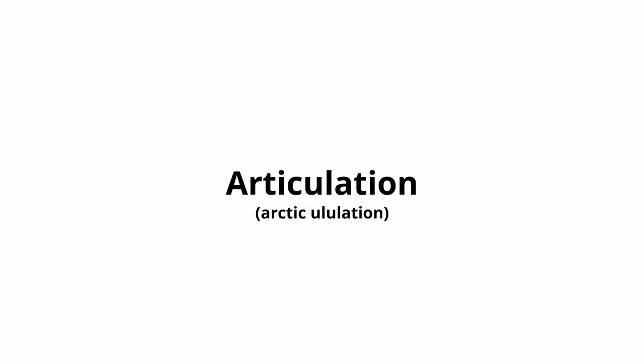Articulation is short for articululation, because music was invented by singers at the North Pole. If you think articululation is hard to say, try articulating on a wind instrument.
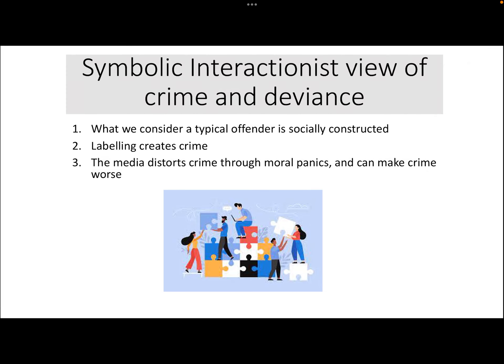Hi there, welcome to this lecture looking at the symbolic interactionist view of crime and deviance for GCSE. I've made this lecture for those studying the Edexcel examination spec. I'm going to cover the idea of a typical offender, which is a concept you'll need to know — the idea that it's socially constructed. We'll look at Howard Becker's labelling theory and how labelling can actually create crime itself. Then we'll finish by looking at the role of the media in crime, particularly through moral panics, and how that can make crime much worse, according to Stanley Cohen.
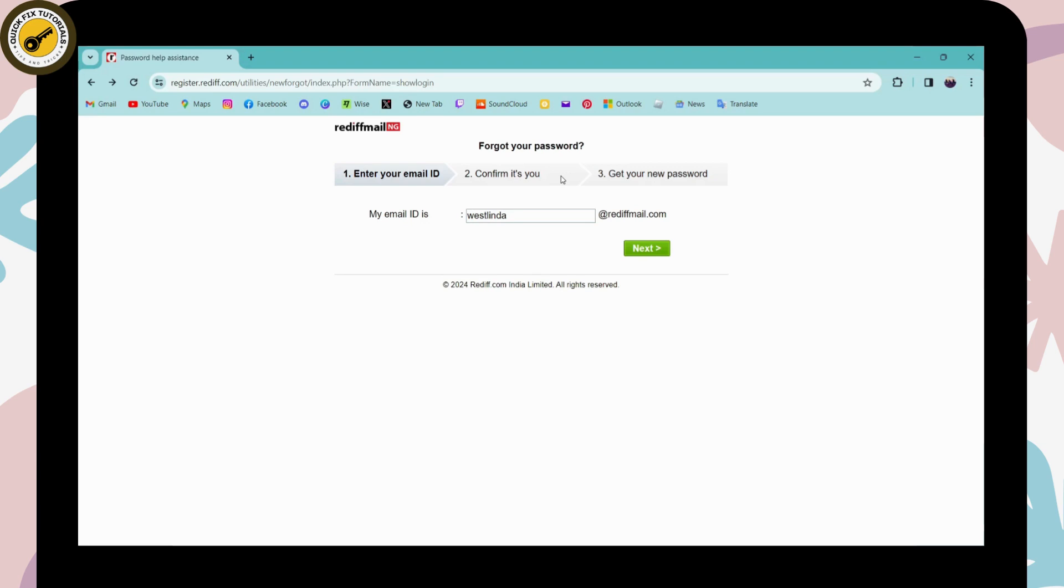enter that code or you can go for that link. After that, on the third step you'll get to create a new password. You need to enter your new password and then you need to again confirm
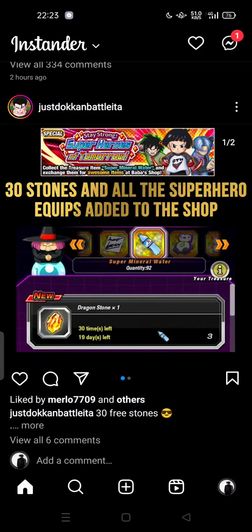Hi guys, welcome back to my channel. Today I'm going to show you the ghost mode — how to view live streams anonymously in Instander. This is the Instander app that you can download from outside the Play Store. It is a modification of Instagram that you can use on Android.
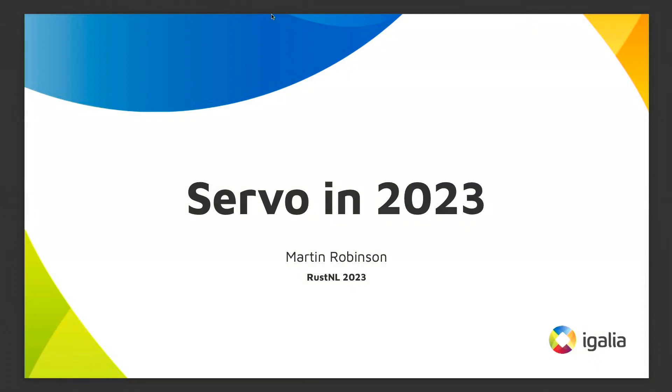I'm Martin Robinson. I work at Igalia, and I'm just here to introduce, or maybe reintroduce, Servo to you all. At Igalia, we're working on Servo, and we think it's really cool.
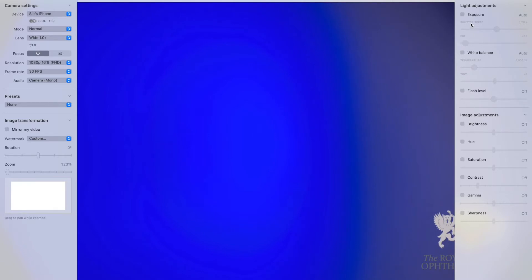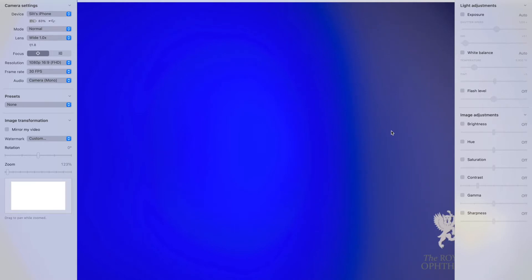Examining different parts of the eye requires different levels of exposure and white balance to have the optimal image. For example, you need to increase the brightness and exposure for examining the cornea, whereas a lower brightness and lower exposure allows you to appreciate retinal details more clearly. I was able to change and modify these settings on the fly whilst Mr. Ferris examined in real time.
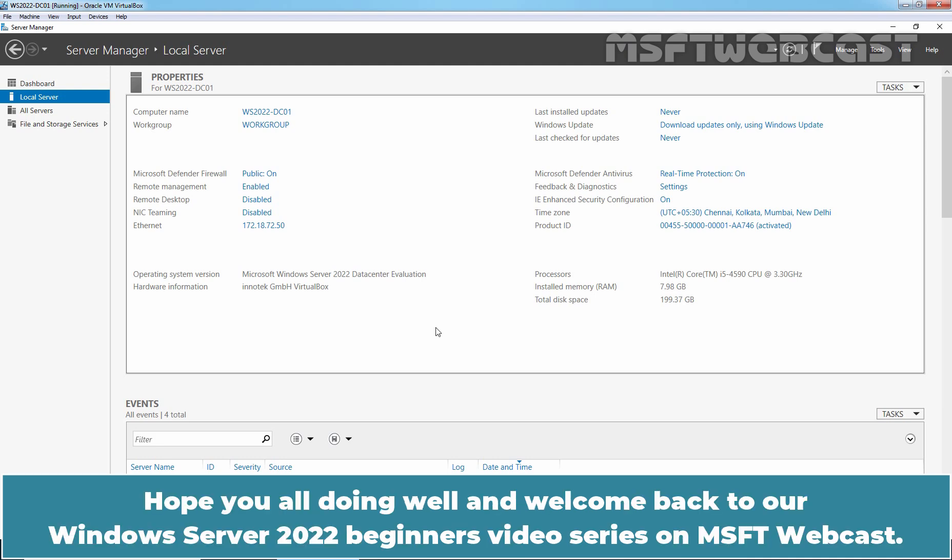Hello everyone. Hope you're all doing well and welcome back to our Windows Server 2022 Beginners video series on MSFT Webcast.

● The problem: Render all entries verbatim, excluding any pictures they hold.

● Output below:
Articulation is short for articululation, because music was invented by singers at the North Pole. If you think articululation is hard to say, try articulating on a wind instrument.
Hi there, welcome to this lecture looking at the symbolic interactionist view of crime and deviance for GCSE. I've made this lecture for those studying the Edexcel examination spec. I'm going to cover the idea of a typical offender, which is a concept you'll need to know — the idea that it's socially constructed. We'll look at Howard Becker's labelling theory and how labelling can actually create crime itself. Then we'll finish by looking at the role of the media in crime, particularly through moral panics, and how that can make crime much worse, according to Stanley Cohen.
enter that code or you can go for that link. After that, on the third step you'll get to create a new password. You need to enter your new password and then you need to again confirm
Hi guys, welcome back to my channel. Today I'm going to show you the ghost mode — how to view live streams anonymously in Instander. This is the Instander app that you can download from outside the Play Store. It is a modification of Instagram that you can use on Android.
I'm Martin Robinson. I work at Igalia, and I'm just here to introduce, or maybe reintroduce, Servo to you all. At Igalia, we're working on Servo, and we think it's really cool.
Examining different parts of the eye requires different levels of exposure and white balance to have the optimal image. For example, you need to increase the brightness and exposure for examining the cornea, whereas a lower brightness and lower exposure allows you to appreciate retinal details more clearly. I was able to change and modify these settings on the fly whilst Mr. Ferris examined in real time.
Hello everyone. Hope you're all doing well and welcome back to our Windows Server 2022 Beginners video series on MSFT Webcast.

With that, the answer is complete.